━━━━━ RECORDS TO PROCESS

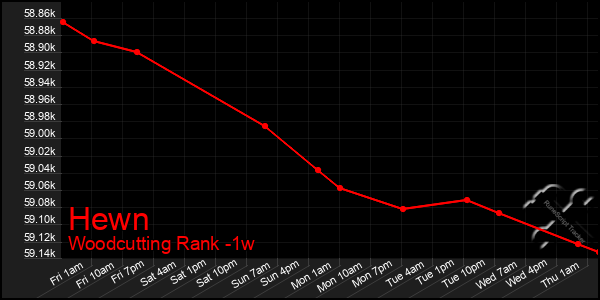 Last 7 Days Graph of Hewn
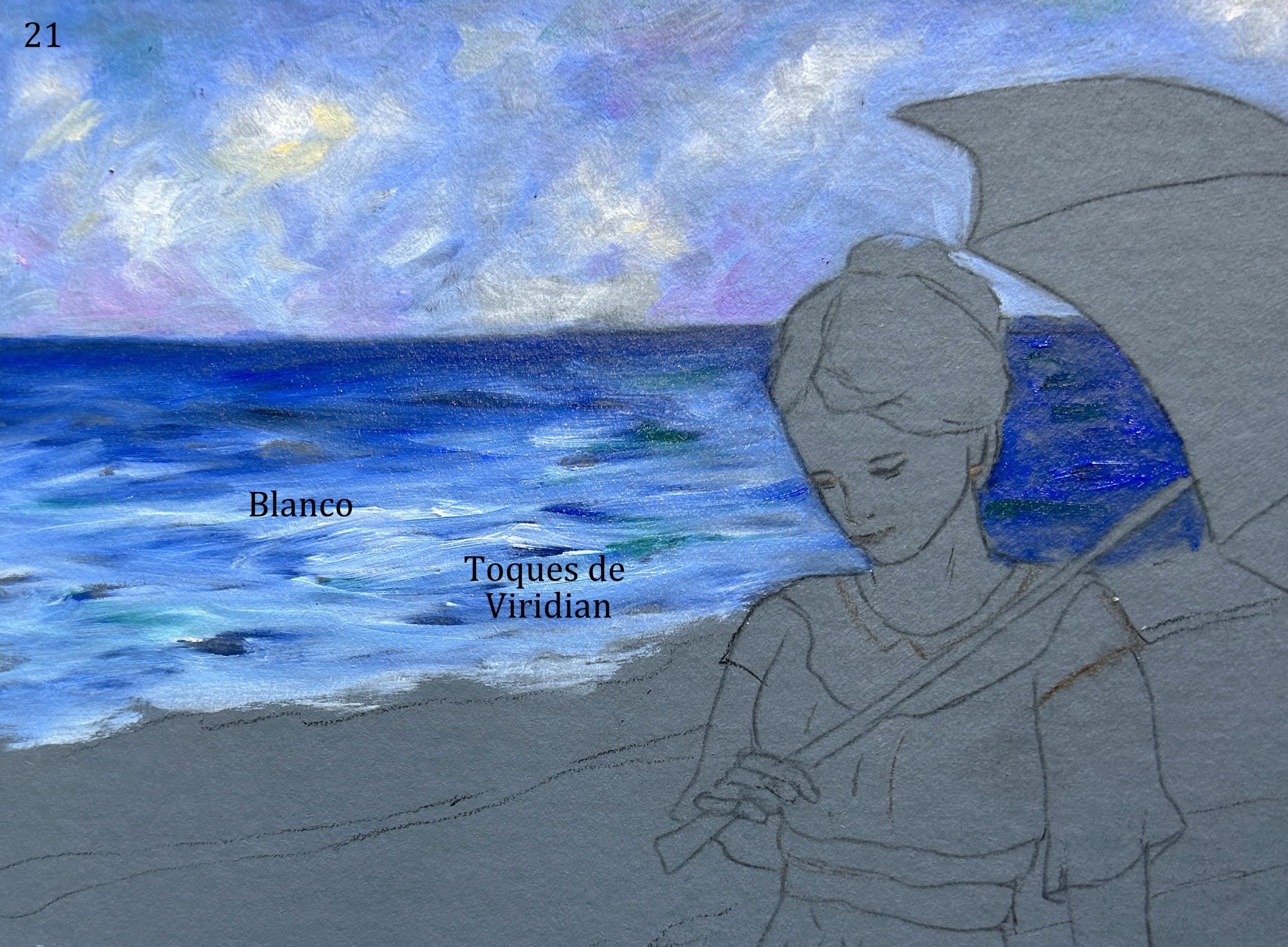 Óleo - Técnica Impresionista Iluminista: Estilo Sorolla - "Paseo Mediterráneo" - Imagen 3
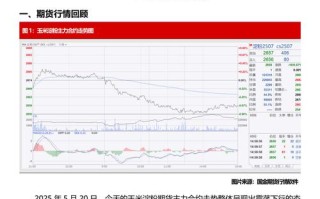 玉米淀粉1705期货价格会如何走？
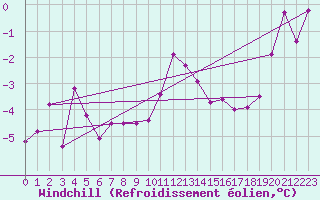 Courbe du refroidissement olien pour Mallnitz Ii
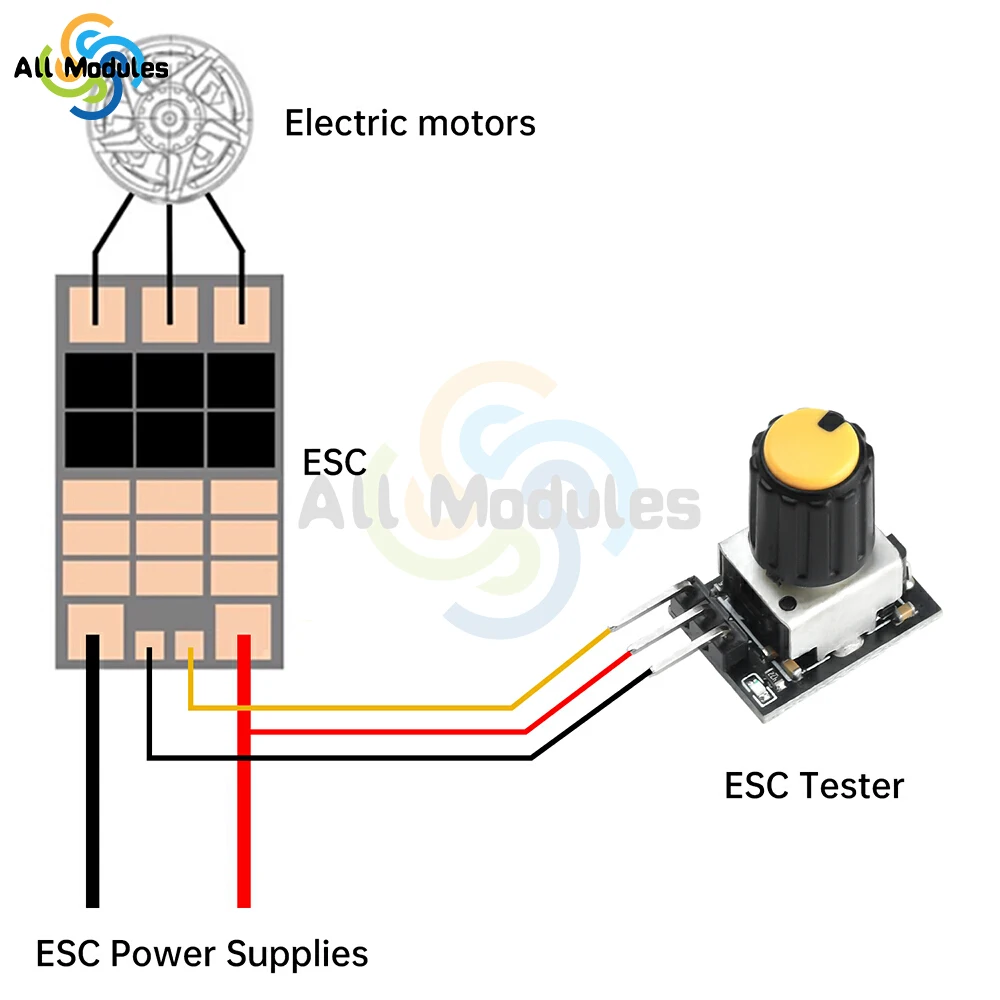 

Mini Brushless Motor ESC Controller DC 5-26V PWM Speed Controller DIY Brushless Fan Aeromodel Motor Speed Controller For DIY Fan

━━━━━━━━━━

Where the line containing "Óleo - Técnica" appears, begin writing out the lines word for word, and continue through the last line of the data, leaving out pictures.

 Óleo - Técnica Impresionista Iluminista: Estilo Sorolla - "Paseo Mediterráneo" - Imagen 3
 玉米淀粉1705期货价格会如何走？
 Courbe du refroidissement olien pour Mallnitz Ii

Mini Brushless Motor ESC Controller DC 5-26V PWM Speed Controller DIY Brushless Fan Aeromodel Motor Speed Controller For DIY Fan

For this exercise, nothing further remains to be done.